A Skills Shortage, Not a Worker Shortage

I convened the National Skills Summit because I believe we must do everything we can to make the promise of America the practice of America. We have an unprecedented challenge to find the new talent so urgently needed to continue to grow our economy.

I have often said that we do not have a worker shortage, we have a skills shortage. There is an important difference. To say there is a worker shortage is to say the people we need do not exist. But they do exist. I know some of them personally, and so do you. They are people with bills to pay, children to raise, and dreams to pursue. What they lack are the skills demanded by today's economy.

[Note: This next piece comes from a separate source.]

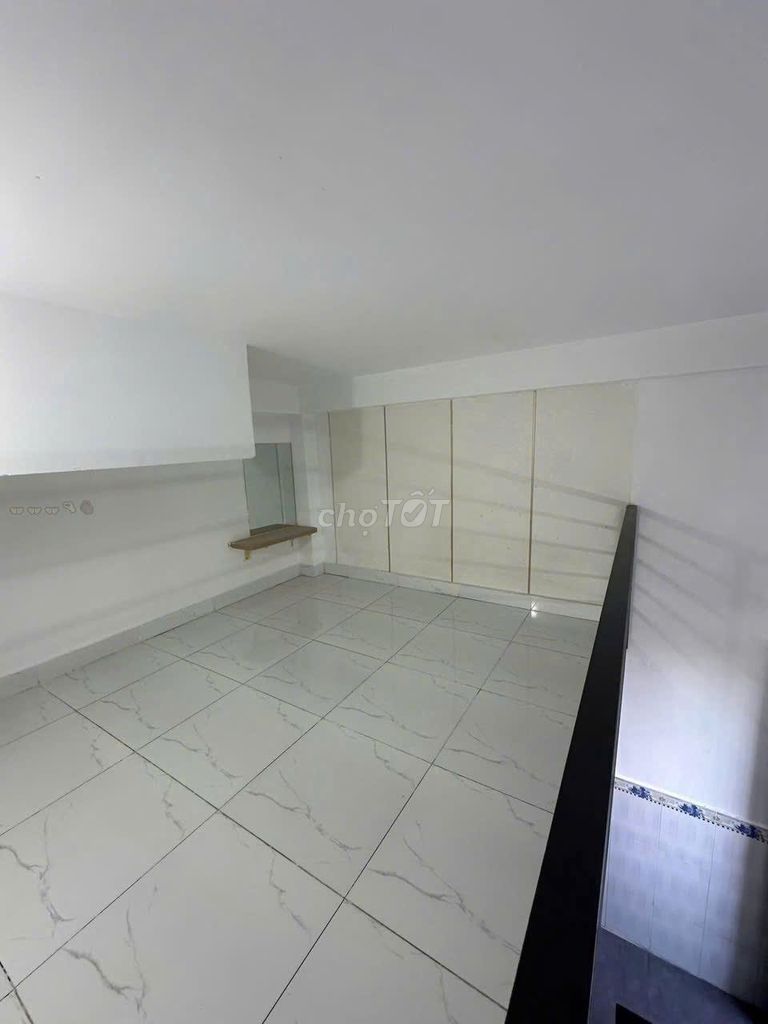 Rent us a high-end motel, light window. Next to pmh, then kcx, umfm, District 4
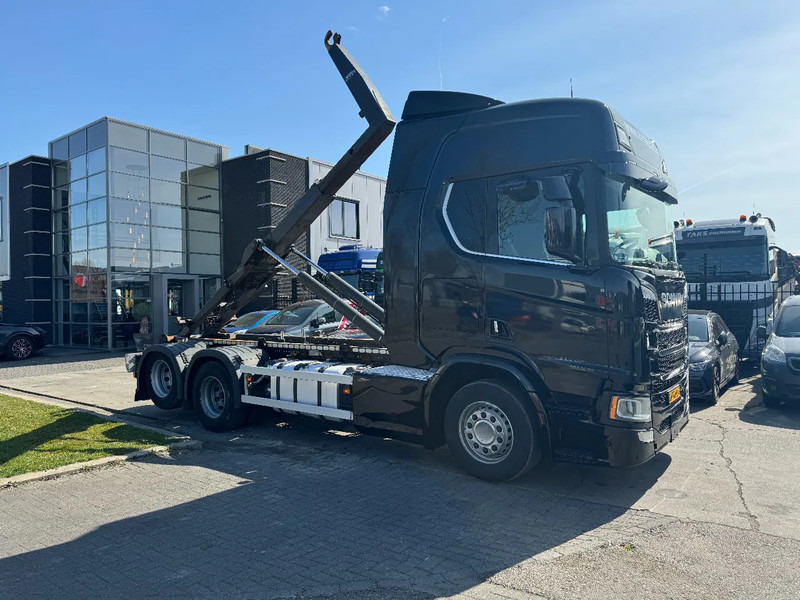 Scania R580 V8 6X2 VDL HOOK 20T RETARDER EURO 6 2 UNITS - Camion cu cârlig: Foto 4 Scania R580 V8 6X2 VDL HOOK 20T RETARDER EURO 6 2 UNITS - Camion cu cârlig: Foto 4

Nowhere is America's skills shortage more acute than in the burgeoning high-tech field. For our nation to prosper, every American must have access to training in the high-tech skills that are necessary to compete in today's labor market. And we must train workers already on the job so they have access to high-tech skills that can make or break career success.

Our economy is strong - unemployment is at a near-30-year low, inflation is low and stable and more than 22 million jobs have been created since the Clinton-Gore Administration took office. There couldn't be a better time to invest in America's untapped labor potential and to support workers as they compete in the digital-age economy.

It will take the partnership of government, community, labor, and business to ensure that no one is left behind in the dynamic economy of the 21st Century. As the examples presented here show, we are learning that partnership leads to innovation, that innovation creates solutions, and that training pays off for everyone.

I think you will be inspired - and challenged - by the "innovative practices" detailed here. They can be a blueprint for continuing to strengthen and expand our prosperity in every community across our nation.